* _What to work on_
Word for word, transcribe the data below from the line with "Morganite Ring |" to the line with "BOSS Audio Systems", keeping both of those lines.

* _Records shown_
================================

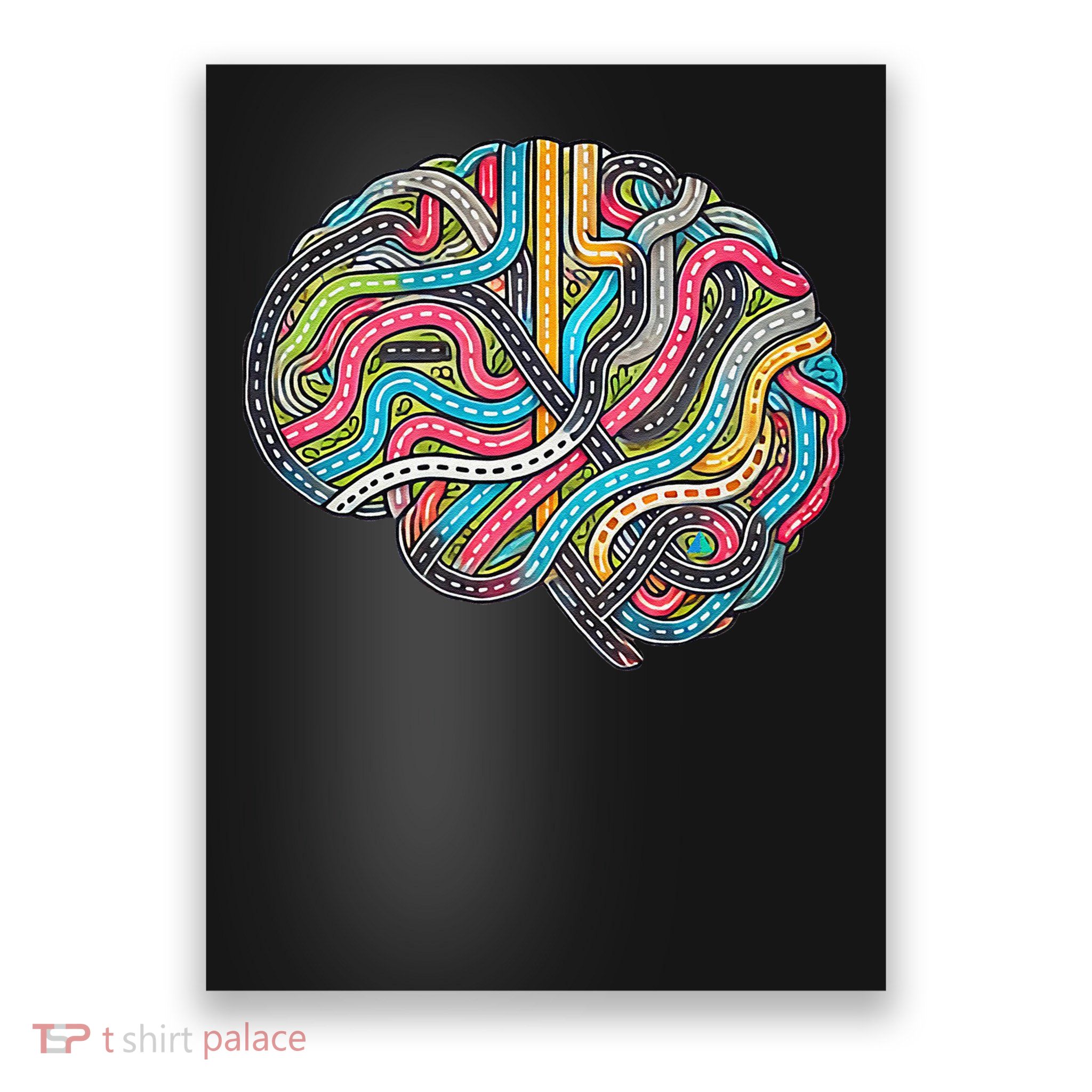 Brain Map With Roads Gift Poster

================================

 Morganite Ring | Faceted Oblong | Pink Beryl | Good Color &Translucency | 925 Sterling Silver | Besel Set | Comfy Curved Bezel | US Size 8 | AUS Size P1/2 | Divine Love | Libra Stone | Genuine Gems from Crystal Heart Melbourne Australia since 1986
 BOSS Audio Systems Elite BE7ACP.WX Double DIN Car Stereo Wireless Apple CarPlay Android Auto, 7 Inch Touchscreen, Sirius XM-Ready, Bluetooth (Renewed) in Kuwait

================================

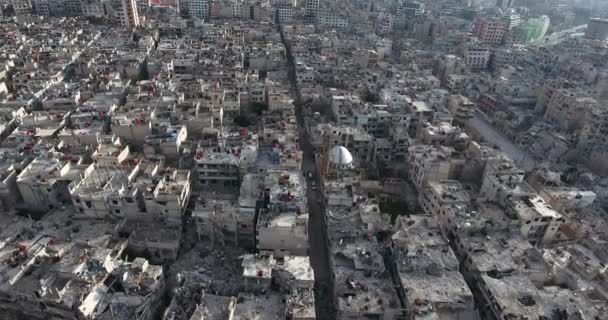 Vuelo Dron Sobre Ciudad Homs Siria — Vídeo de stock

================================

* _Output_
 Morganite Ring | Faceted Oblong | Pink Beryl | Good Color &Translucency | 925 Sterling Silver | Besel Set | Comfy Curved Bezel | US Size 8 | AUS Size P1/2 | Divine Love | Libra Stone | Genuine Gems from Crystal Heart Melbourne Australia since 1986
 BOSS Audio Systems Elite BE7ACP.WX Double DIN Car Stereo Wireless Apple CarPlay Android Auto, 7 Inch Touchscreen, Sirius XM-Ready, Bluetooth (Renewed) in Kuwait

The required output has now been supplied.